On Thu, Aug 3, 2017 at 2:45 PM, Brendan Hide <bren...@swiftspirit.co.za> wrote:
>
> To counter, I think this is a big problem with btrfs, especially in terms of
> user attrition. We don't need "GUI" tools. At all. But we do need that btrfs
> is self-sufficient enough that regular users don't get burnt by what they
> would view as unexpected behaviour.  We have currently a situation where
> btrfs is too demanding on inexperienced users.

I think the top complaint is the manual nature of balancing to avoid
enospc when there's free space, followed by balancing needed to
avoid/reduce free space fragmentation and thus maintain consistent
performance.

Obviously the kernel needs more intelligent code to free up partially
full block groups, more correctly to free up contiguous space for it
to write to. That solve both problems.

But in the meantime, btrfs-progs should ship a policy to do some
minimal balance to totally obviate this and find the edge cases. Maybe
it's dusage=3 every day. And dusage=10 one a week. And dusage=20
musage=20 once a month. I don't know but some iteration in this area
is better than saying, PUNT! And putting it on the user's lap.

Better would be a trigger that is statistics based rather than time
based. The metric might be some combination of workload (i.e. idle)
and ratios found in sysfs.

Anyway, the first step is for people on this list to stop
micromanaging their own volumes, and try to center on a sane one size
fits all solution. And then iterate better and better solutions as we
determine the edge cases where one size doesn't fit all. We're
throwing hammers at the problem by default because it's a learned
behavior. We all need to just stop balancing and act like regular
users. And then figure out how to automatically optimize.




>
> I feel we need better worst-case behaviours. For example, if *I* have a
> btrfs on its second-to-last-available chunk, it means I'm not micro-managing
> properly. But users shouldn't have to micro-manage in the first place. Btrfs
> (or a management tool) should just know to balance the least-used chunk
> and/or delete the lowest-priority snapshot, etc. It shouldn't cause my
> services/apps to give diskspace errors when, clearly, there is free space
> available.

Ideally the kernel code needs to do a better job freeing up partial
block groups. But in the meantime, this can be set as an optimization
policy in user space. And it should be in btrfs-progs so it's
consistent across distros.

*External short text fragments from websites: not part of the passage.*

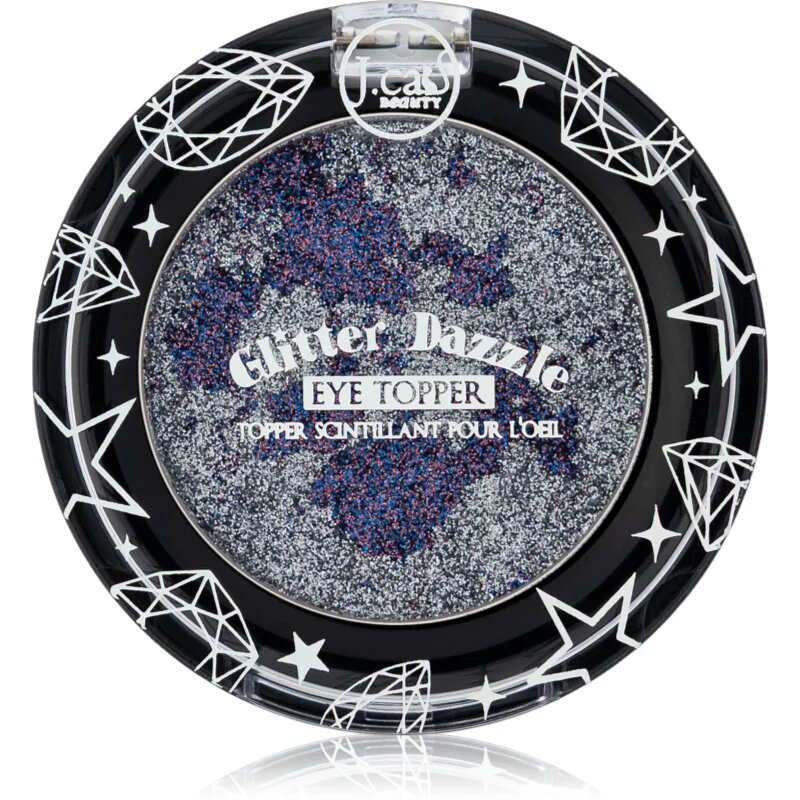 J.Cat Beauty Glitter Dazzle csillogó szemhéjfesték árnyalat 101 Less Bitter More Glitter 1.2 g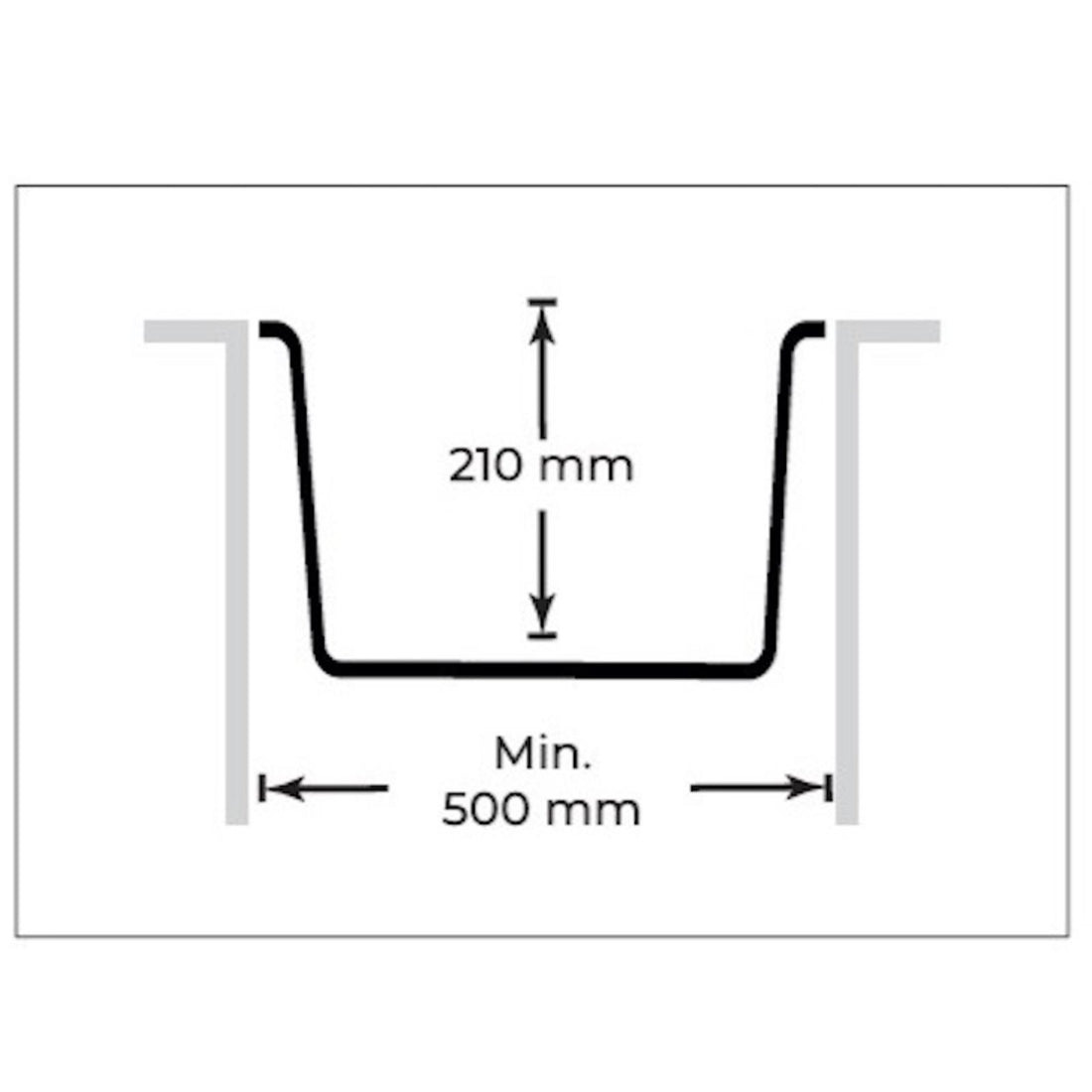 Liquida white granite single bowl kitchen sink with reversible drainer technical drawing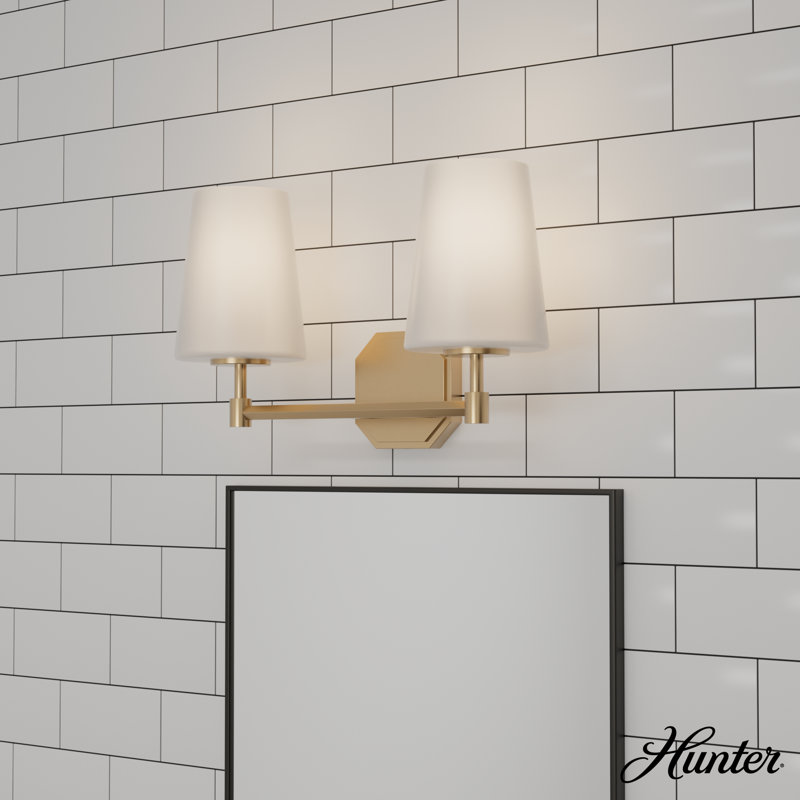 Nolita Alturas Gold 16" Outdoor Dimmable Vanity Light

SUSE has a distro specific balancer, on a
systemd timer, but I don't think it's enabled by default and I also
think it's weirdly too aggressive.

If it could be made smarter, with a trigger other than a timer, that'd
be even better.

But doing nothing has been one of the most consistently negative user
responses about Btrfs is the manual balance to maintain performance.



> The other "high-level" aspect would be along the lines of better guidance
> and standardisation for distros on how best to configure btrfs. This would
> include guidance/best practices for things like appropriate subvolume
> mountpoints and snapshot paths, sensible schedules or logic (or perhaps even
> example tools/scripts) for balancing and scrubbing the filesystem.

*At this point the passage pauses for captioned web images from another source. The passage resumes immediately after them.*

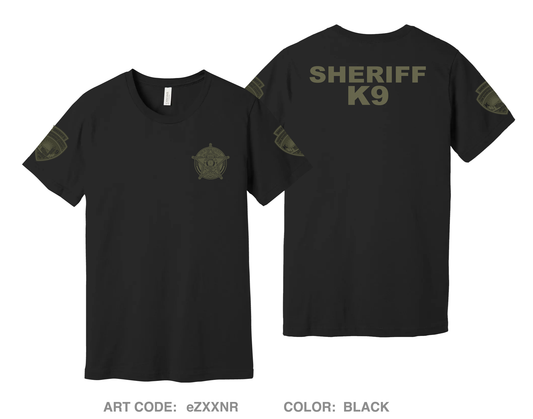 Washington County Sheriffs Office Maine K9 Comfort Unisex Cotton SS Tee - eZXXNR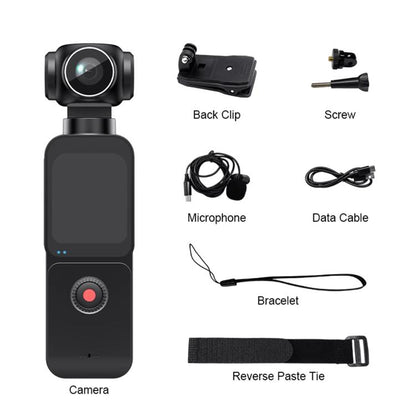 HD 5K Sports Camera Outdoor Handheld Digital Camera, Touch Screen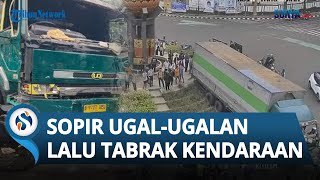 Kronologi Truk Seruduk Belasan Kendaraan di Tangerang, Sopir Ugal-ugalan hingga Diamuk Massa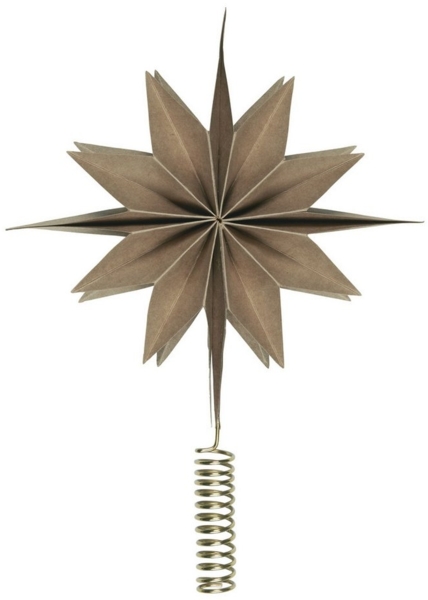 Ib Laursen Christbaumspitze Weihnachtsbaumspitze Baumspitze Stern Natur 5101-30 Bild 1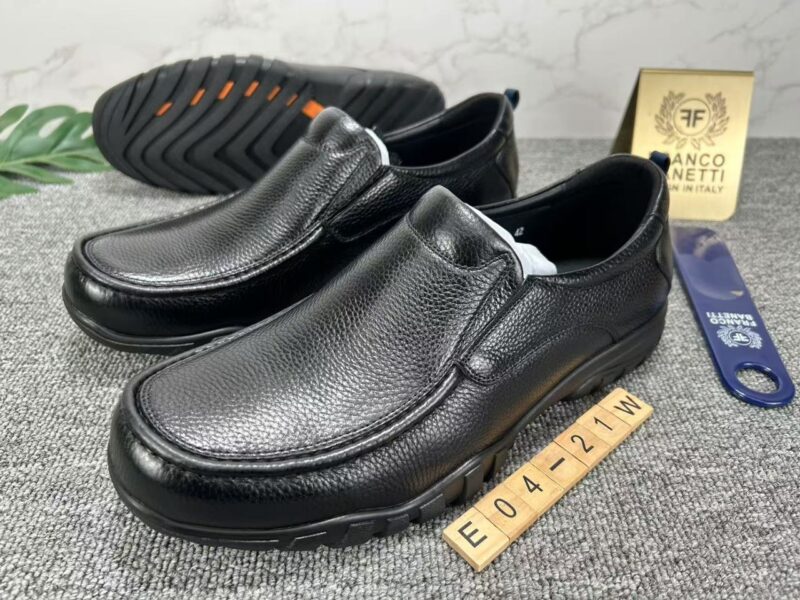 IMG-20251213-WA0114 Men's Formal Plain Derby - Black (Pebble Grain)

Would they listen? My experience with openSUSE is, nope.


> I don't have all the answers. But I also don't want to have to tell people
> they can't adopt it because a) they don't (or never will) understand it; and
> b) they're going to resent me for their irresponsibly losing their own data.

Sure.

You can read on the linux-raid@ list where there are still constant
problems with users doing crazy things like mdadm --create to fix a
raid assembly problem, and obliterate their data by doing this and
then getting pissed. It's like, where the hell do people keep getting
the idea of doing that?

There are six ways to Sunday ways of fixing a Btrfs volume. It reads
like a choose your own adventure book. No, actually it's worse because
at least the choose your own adventure book tells you what page to go
to next, and Btrfs gives you zero advice what order to try things in.